#### Task statement:
Please copy the lines below, exactly as they are, from the one with "Pailletten-Kleid mit asymmetrischem" through the one with "Муке Новобеограђана: Клај-клај за трамвајем", and leave out the pictures.

#### Records for processing:

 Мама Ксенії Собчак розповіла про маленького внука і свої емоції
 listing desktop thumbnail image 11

==

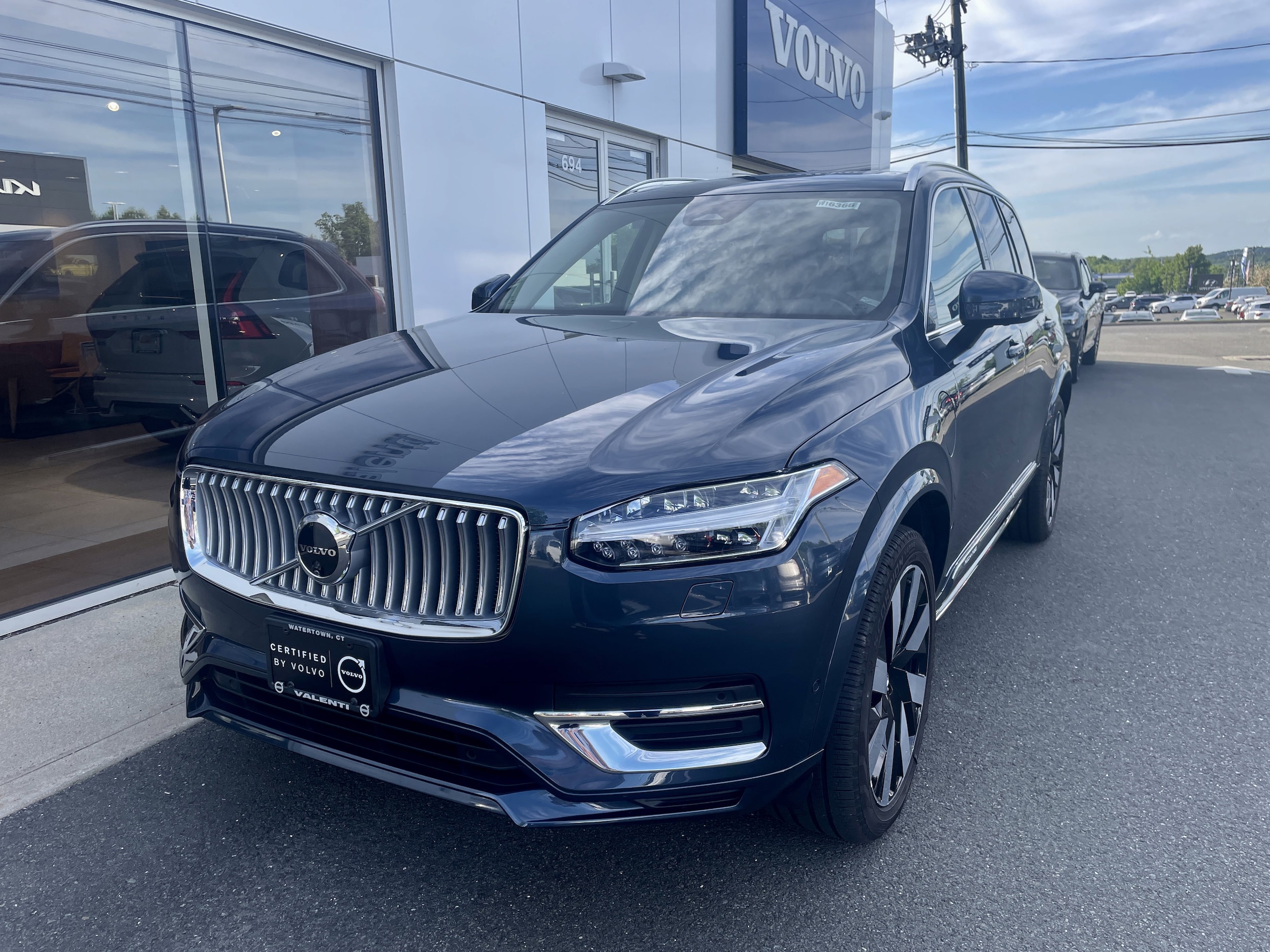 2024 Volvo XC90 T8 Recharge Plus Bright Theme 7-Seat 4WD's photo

---

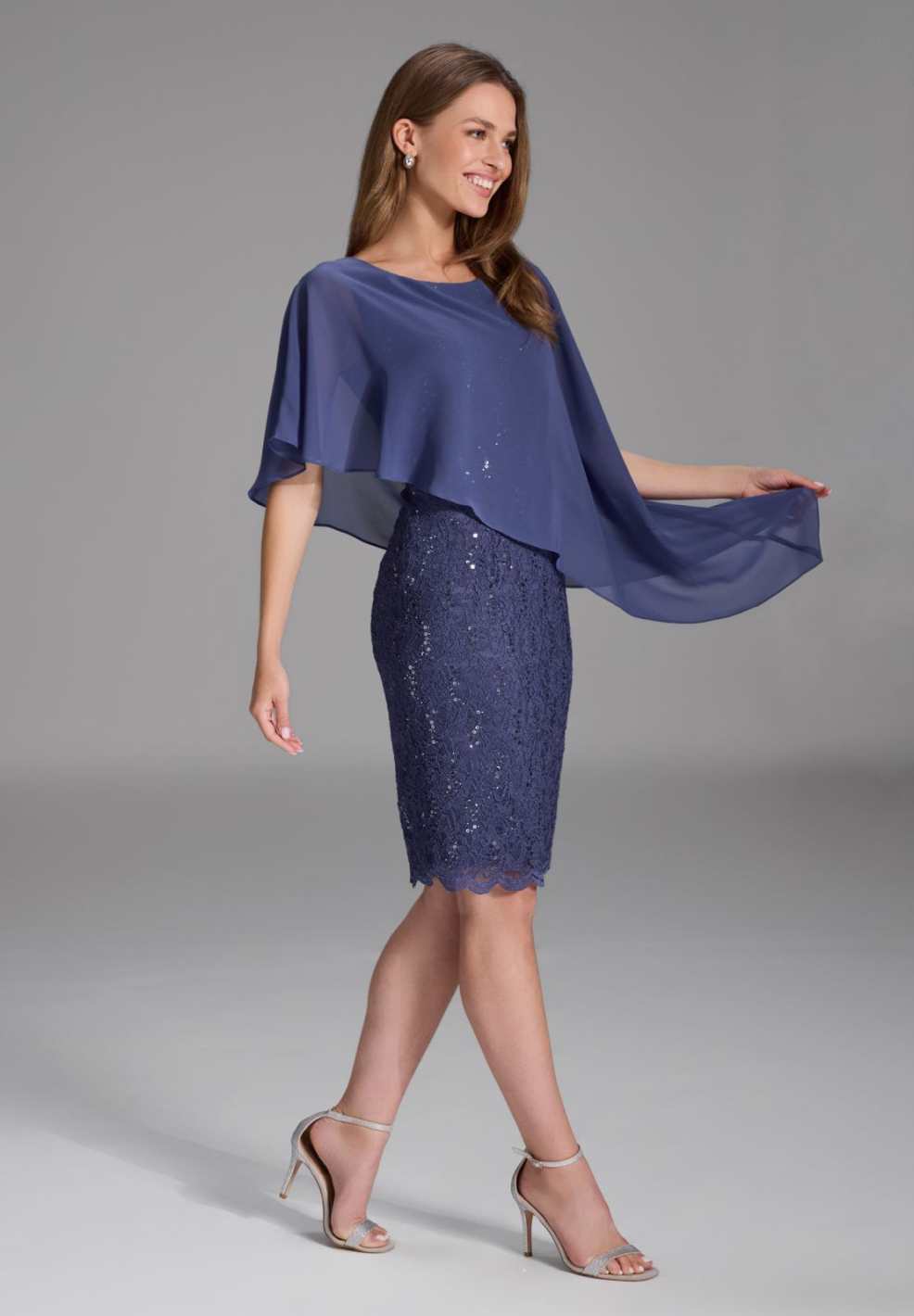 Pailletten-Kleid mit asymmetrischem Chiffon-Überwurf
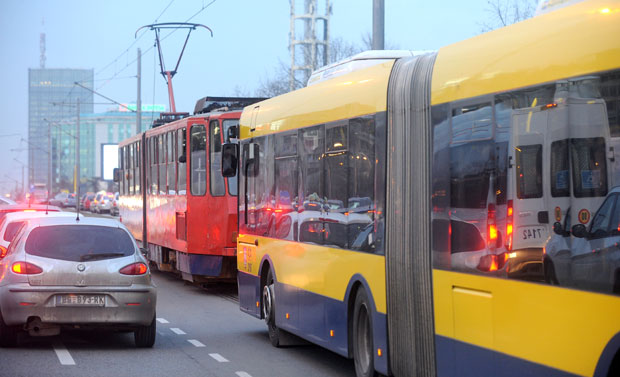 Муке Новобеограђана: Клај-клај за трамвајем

#### Response area:
 Pailletten-Kleid mit asymmetrischem Chiffon-Überwurf
 Муке Новобеограђана: Клај-клај за трамвајем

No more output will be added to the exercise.